Clusters that treat workload deployment as a low-trust operation — where any CI pipeline or developer can push a pod spec to any namespace — have the widest exposure. Clusters that enforce deployment-time identity verification, namespace-scoped admission control, and just-in-time access to sensitive operations (kubectl exec, node SSH, privilege escalation) have a meaningfully smaller attack surface.
This is not hypothetical defense. CopyFail proves that the blast radius of a kernel vulnerability scales with the density of privilege on a node. Controlling who can deploy workloads, who can access nodes, and who can exec into pods is the access-layer defense that complements kernel patching.

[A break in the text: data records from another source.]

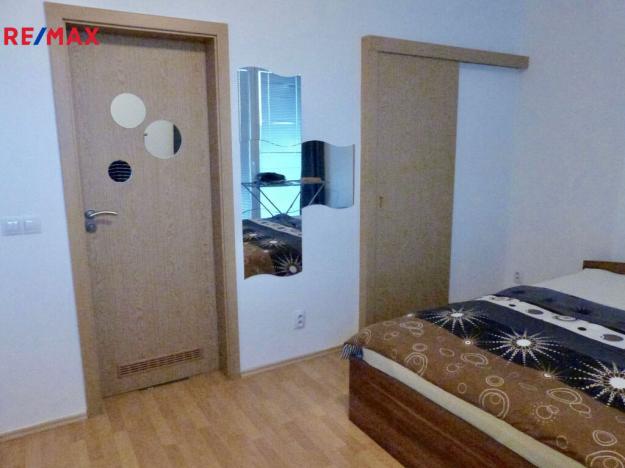 Pronájem bytu 2+kk, Jesenice, Nákupní, 55 m2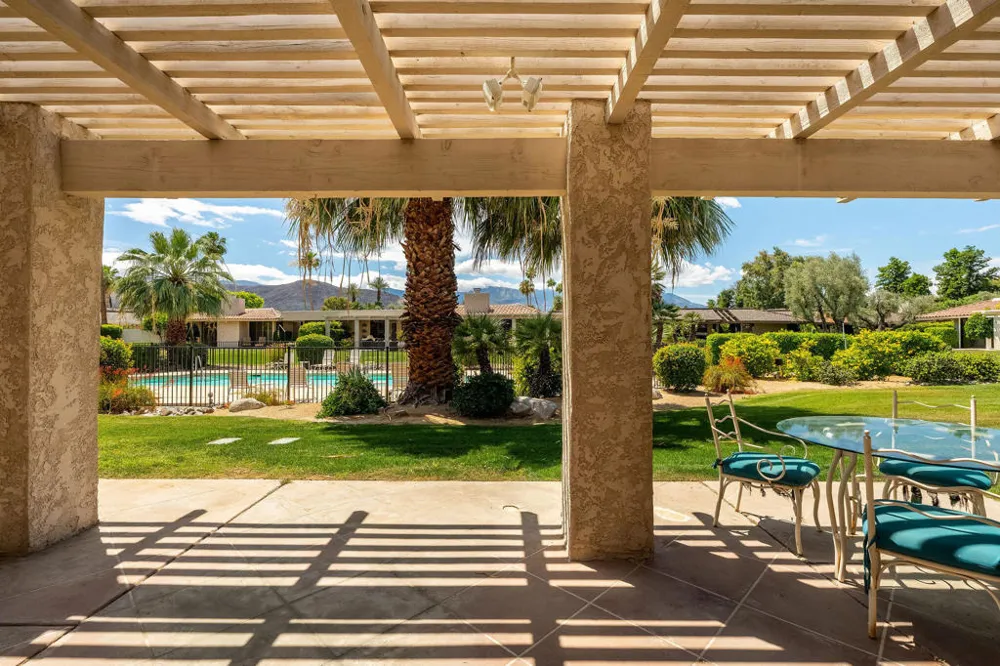 5 Stanford Drive Rancho Mirage, CA 92270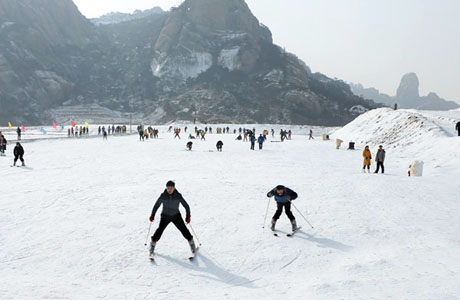 五莲山滑雪场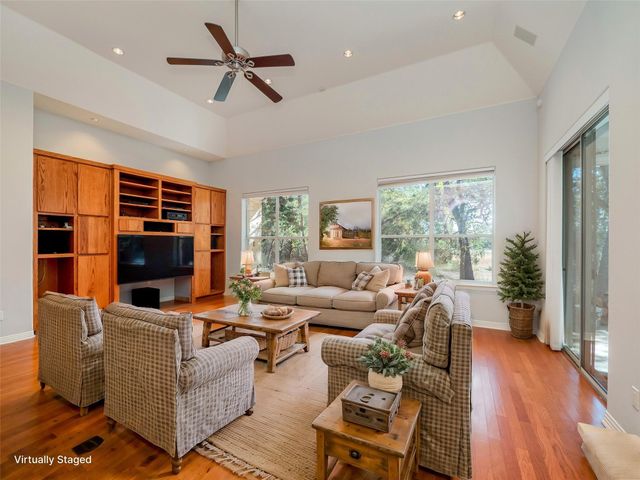 112 Twin Saddles, Dripping Springs, TX 78620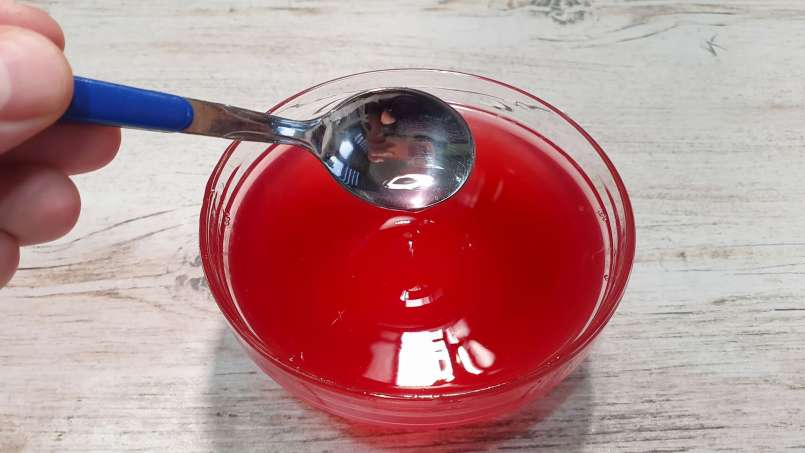 Onion syrup with honey for sore throat and cough, photo 3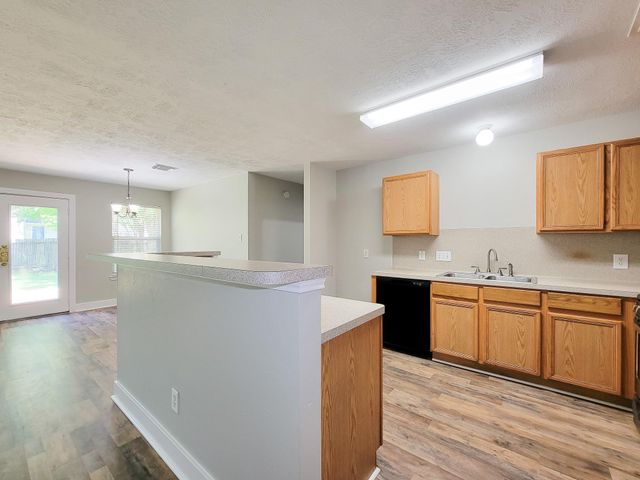 16842 Marlin Spike Way, Crosby, TX 77532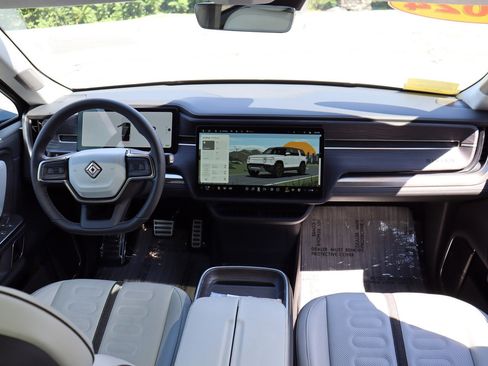 Used 2024 Rivian R1S Adventure Quad AWD/4WD image 10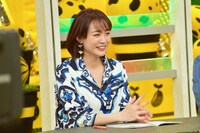 「芸人シンパイニュース」に出演する新井恵理那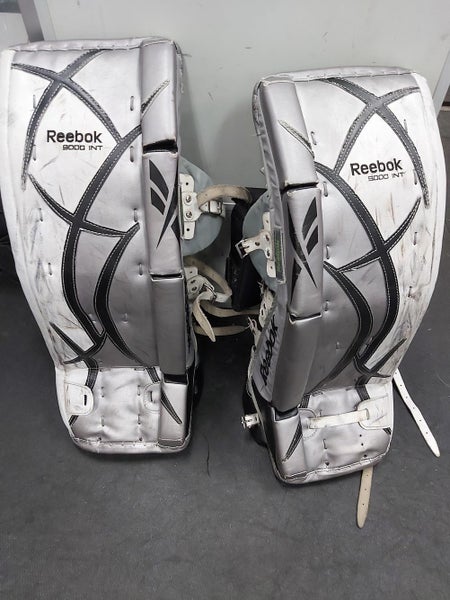 Used 29" Reebok 9000 Goalie Leg Pads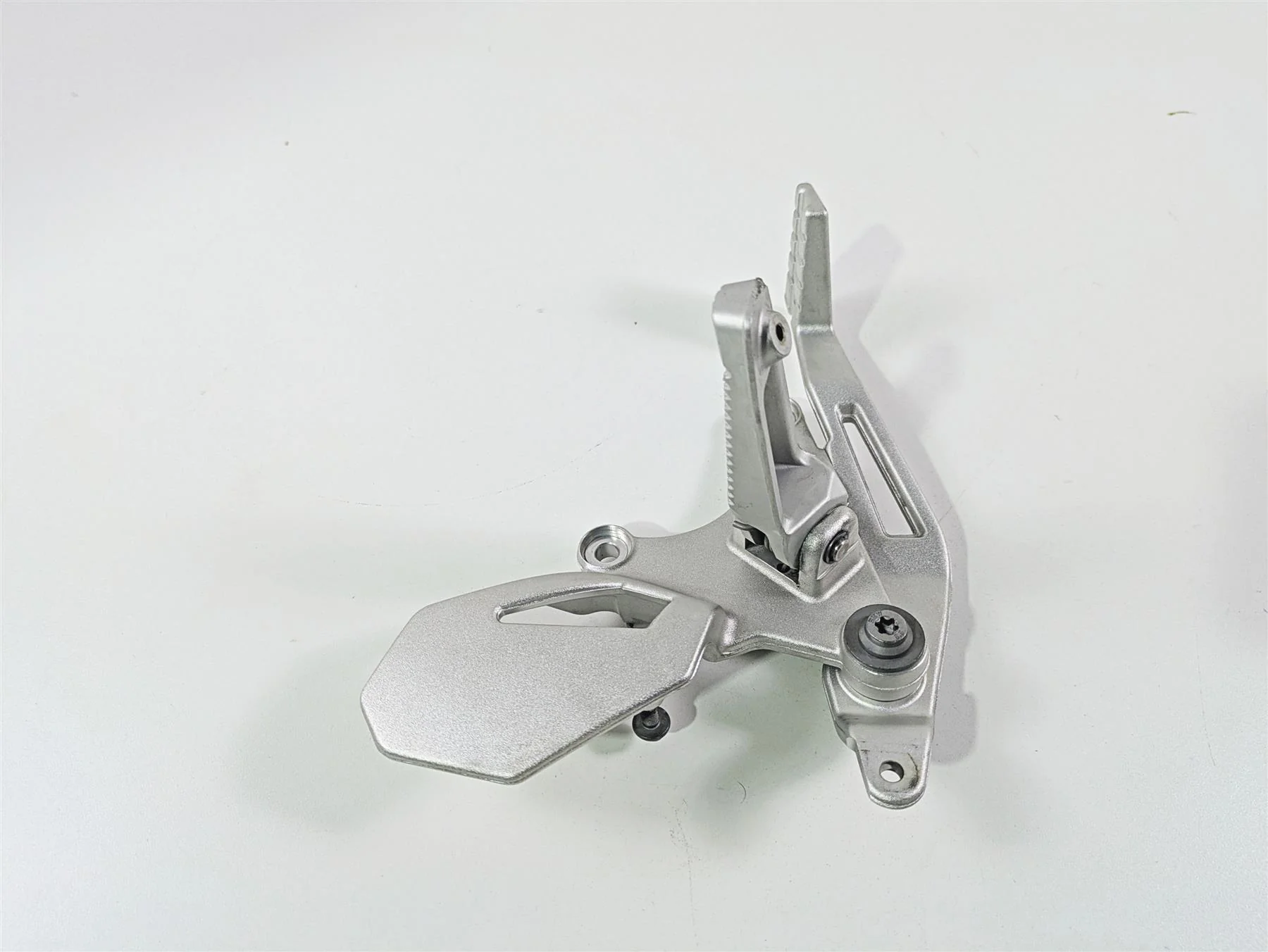 2022 BMW RnineT Pure K22 Right Footpeg & Brake Lever Pedal Set 46719457882 - Image 4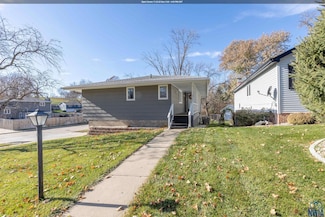 3121 S Nicollet St, Sioux City, IA 51106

Control who deploys, accesses, and operates your Kubernetes nodes
OnePAM provides just-in-time access to infrastructure — including Kubernetes nodes, kubectl exec, and SSH sessions — with identity verification, approval workflows, and session recording. Reduce standing privileges across your clusters and produce audit trails that prove least-privilege compliance.
Timeline
| Date | Event |
|---|---|
| Apr 29–30, 2026 | CVE-2026-31431 first disclosed; kernel patches published for stable branches |
| Early May 2026 | PoC validated on EKS, GKE, and ACK demonstrating cross-container exploitation |
| Ongoing | Managed K8s providers rolling out patched node images; operators urged to upgrade |
Bottom Line
CVE-2026-31431 is not just another privilege escalation — in Kubernetes, it is a cross-container lateral-movement primitive that requires zero privileges to exploit. The combination of node-wide page cache, overlayfs layer sharing, and ubiquitous privileged DaemonSets creates an attack surface that is present by default on virtually every production cluster.

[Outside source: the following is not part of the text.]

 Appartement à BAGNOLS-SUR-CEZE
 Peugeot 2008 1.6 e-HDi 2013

Patch your node kernels. Isolate privileged workloads. Reduce image-layer overlap. Enforce Pod Security Standards. And critically, control who can deploy workloads and access nodes in the first place — because the next kernel bug that weaponizes shared infrastructure is not a matter of if, but when.
CopyFail proves that in Kubernetes, the page cache is a trust boundary that nobody drew on the architecture diagram. It is time to draw it, defend it, and audit who crosses it.